Person to person transmission occurs through infected bodily fluids, such as blood, saliva, urine or semen.
This transmission can happen:
- in the laboratory
- in a healthcare setting
- via sexual or other close contact
Transmission to close contacts usually only occurs while the patient has symptoms. However, a patient can excrete virus in urine for between 3 and 9 weeks after the onset of illness. Patients can transmit the virus via semen for up to 3 months.
Infection is mild or asymptomatic in 80% of cases, but can cause severe illness and is fatal in approximately 1 to 3% of patients. The incubation period for disease is usually between 7 and 10 days, with a maximum of 21 days.
The onset of illness is insidious, with:
- fever and shivering
- generalised aching
- sore throat
Nausea, vomiting, diarrhoea or cough can accompany these symptoms.
An important diagnostic feature is the appearance of patches of white or yellowish exudate and occasionally small vesicles or shallow ulcers on the tonsils and pharynx.
As the illness progresses the body temperature can rise to 41ºC with daily fluctuations of 2 to 3ºC.
Extreme lethargy and exhaustion can occur in severe attacks, that is disproportionate to the level of fever. During the second week of illness symptoms include:
- oedema of the head and neck
- pleural effusion
Renal and circulatory failure may occur, aggravated by vomiting and diarrhoea.
In the severest cases bleeding into the skin, mucosae and deeper tissues occurs, usually leading to death.
In non-fatal cases the fever subsides and the patient’s condition improves rapidly although tiredness can persist for several weeks. Late complications include sensorineural deafness in around 25% of patients, persisting for life in around a third of those affected.
Infection is fatal in around 15% of hospitalised patients.
Lassa fever is particularly severe in pregnant women in the third trimester; the foetus dies in about 95% of cases.
Symptoms in children are similar to those in adults, but infant infection can result in ‘swollen baby syndrome’ with oedema, abdominal distension, bleeding and often death.
Clinical diagnosis of Lassa fever is difficult. It can be confused with other infections such as severe malaria, typhoid fever, and other viral haemorrhagic fevers.

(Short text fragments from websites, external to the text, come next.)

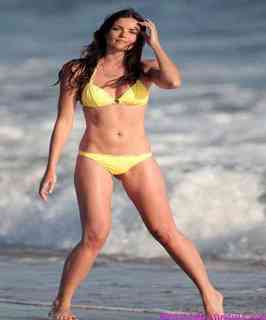 Courtney Robertson feet photo 14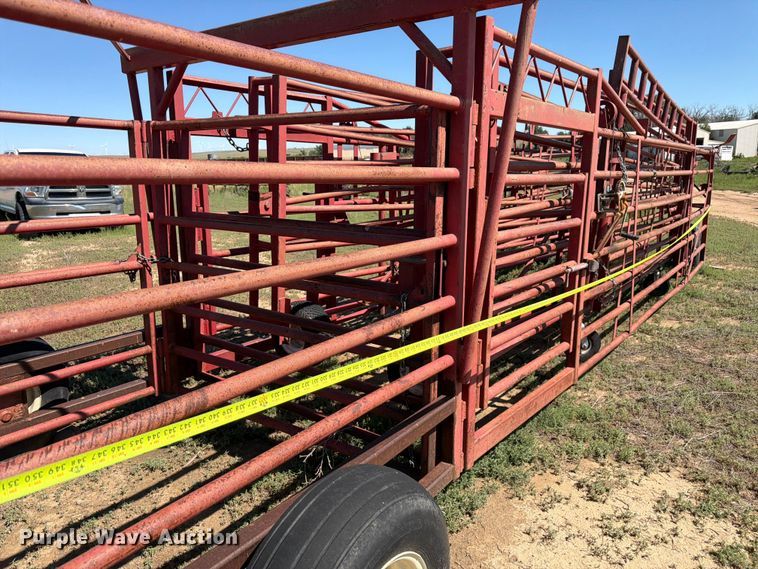 image for item EW2190 Diamond W Corral portable corral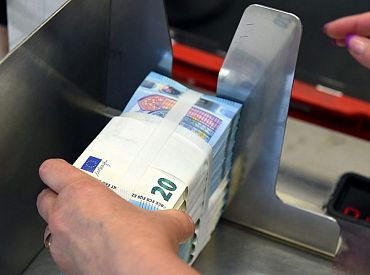 FM: Piecos mēnešos kopbudžeta ieņēmumu plāns izpildīts par 91,8%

In the UK, Public Health England (PHE) has specialised laboratory facilities to provide a definitive diagnosis at PHE Porton.
RT-PCR for nucleic acid detection, virus isolation or antibody detection methods can diagnose Lassa fever.

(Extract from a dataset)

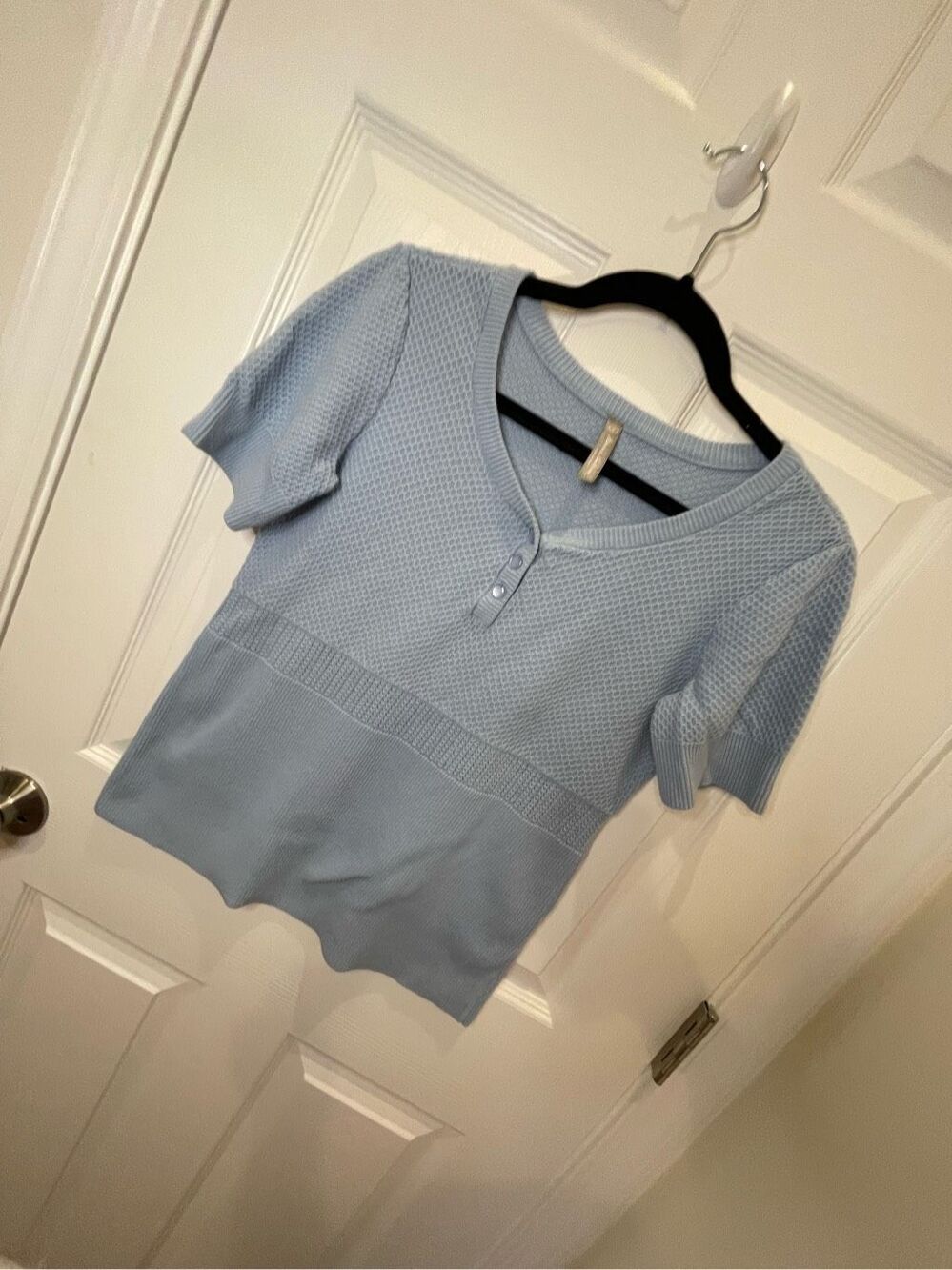 Women’s Hannah Anderson blue shirt sleeve sweater blouse size small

Treatment with the antiviral drug ribavirin is most effective when started within the first 6 days of illness, and should be given intravenously for 6 days.
Supportive care such as fluid replacement, blood transfusion or other appropriate measures is also essential.

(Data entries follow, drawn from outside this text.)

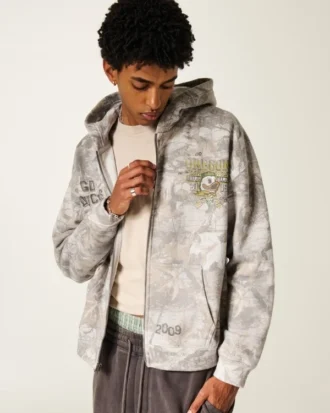 Boxy Zip-Up University of Oregon Ducks Graphic Camo Hoodie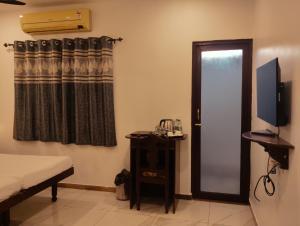 hotel sargam sadan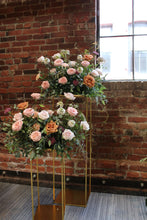 Load image into Gallery viewer, Vaseless Statement Arrangement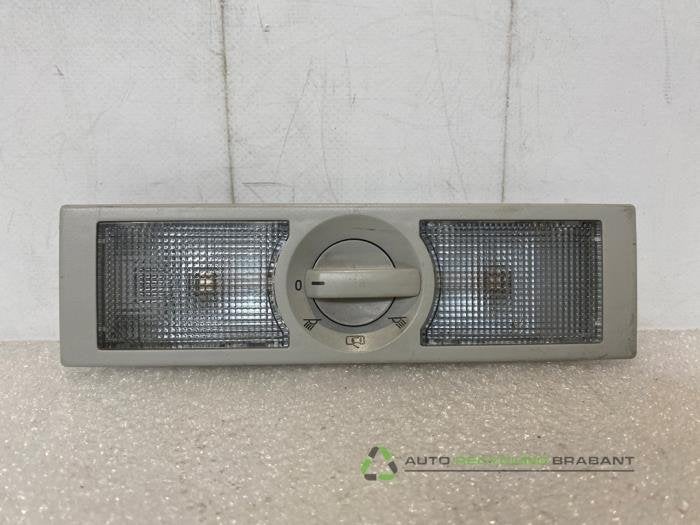 Eclairage intérieur arrière d'un Volkswagen Polo, Autos : Pièces & Accessoires, Volkswagen, -, 3 mois de garantie, Utilisé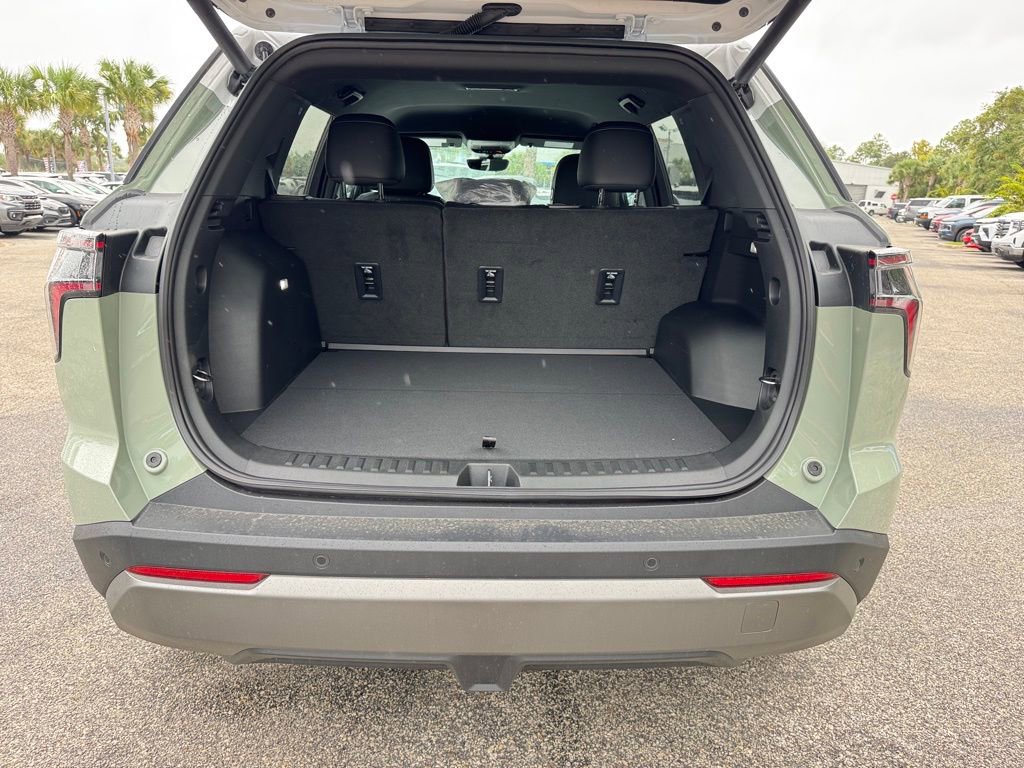 New 2026 Chevrolet Equinox LT w/ Convenience Package II image 12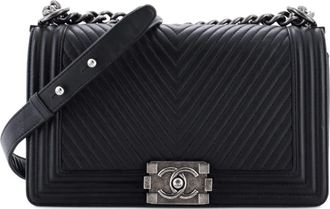 Chanel Borsa a spalla Boy Flap media in pelle di agnello - Nero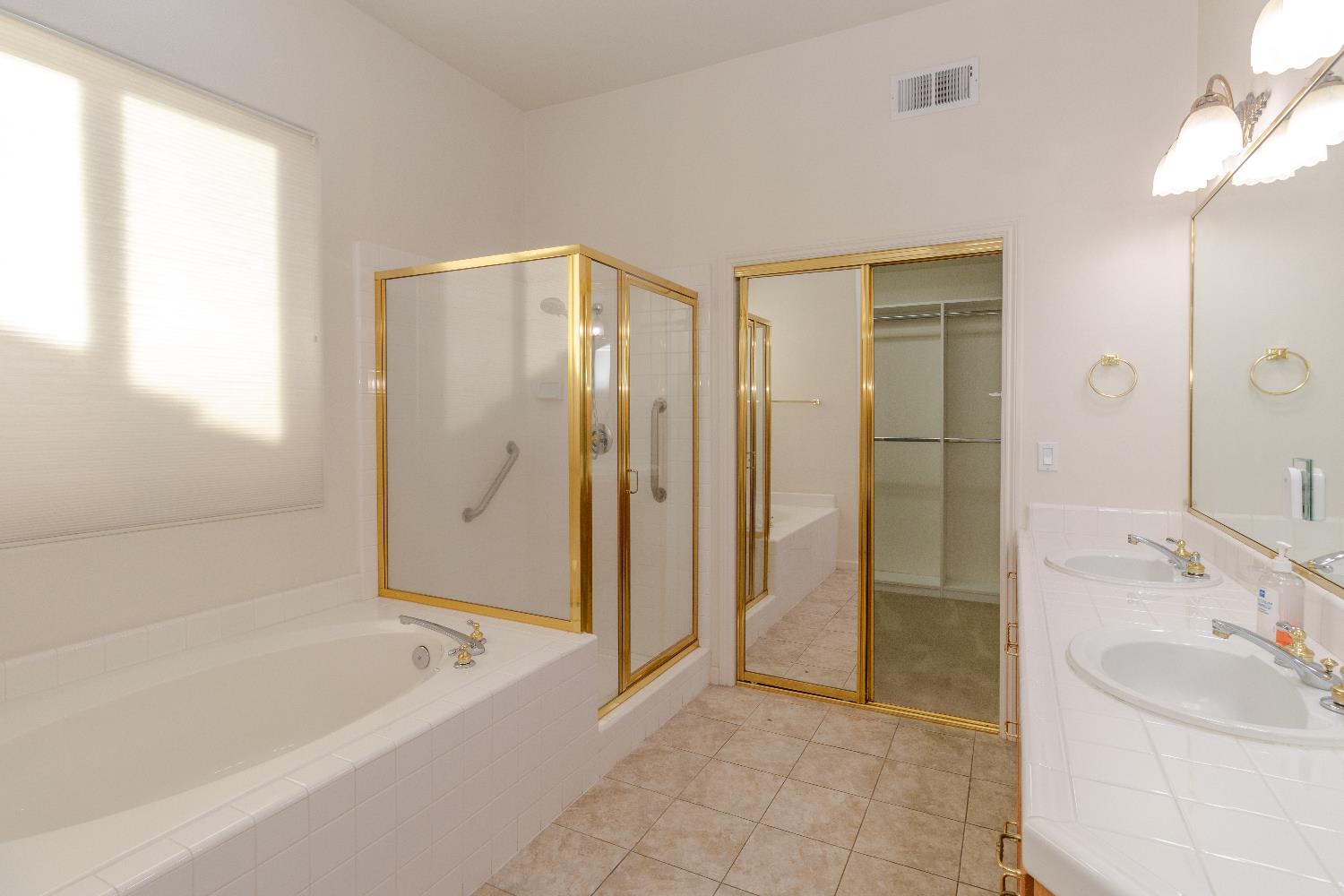 2157 W Rue St Michel, Fresno, CA 93711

It provides advice on how to comprehensively assess, rapidly diagnose and safely manage patients suspected of being infected, within the NHS, to ensure the protection of public health.
Prevention and control
There is no licensed vaccine for Lassa fever. In endemic areas, rodent control and avoiding contact with rodents and their excreta helps prevent infection. Infection control includes storing food in rat proof containers.
Avoiding contact with bodily fluids of an infected patient prevents person to person spread. In healthcare settings these infection control measures include
- special barrier nursing procedures
- VHF isolation precautions to isolate infected patients
- wearing protective clothing for contact with the patient
Once the patient has recovered they are only infectious via semen and urine. Patients must avoid sexual intercourse for 3 months.
People living in endemic areas of West Africa with high populations of rodents are most at risk of Lassa fever. Imported cases rarely occur elsewhere in the world. Such cases are almost exclusively in persons who work in endemic areas in high risk occupations such as medical or other aid workers.
The risk to tourists is considered to be very low.
Imported Lassa fever is extremely rare in the UK. Eight confirmed cases of Lassa fever have been imported since 1980, with no evidence of onward transmission from any of these cases.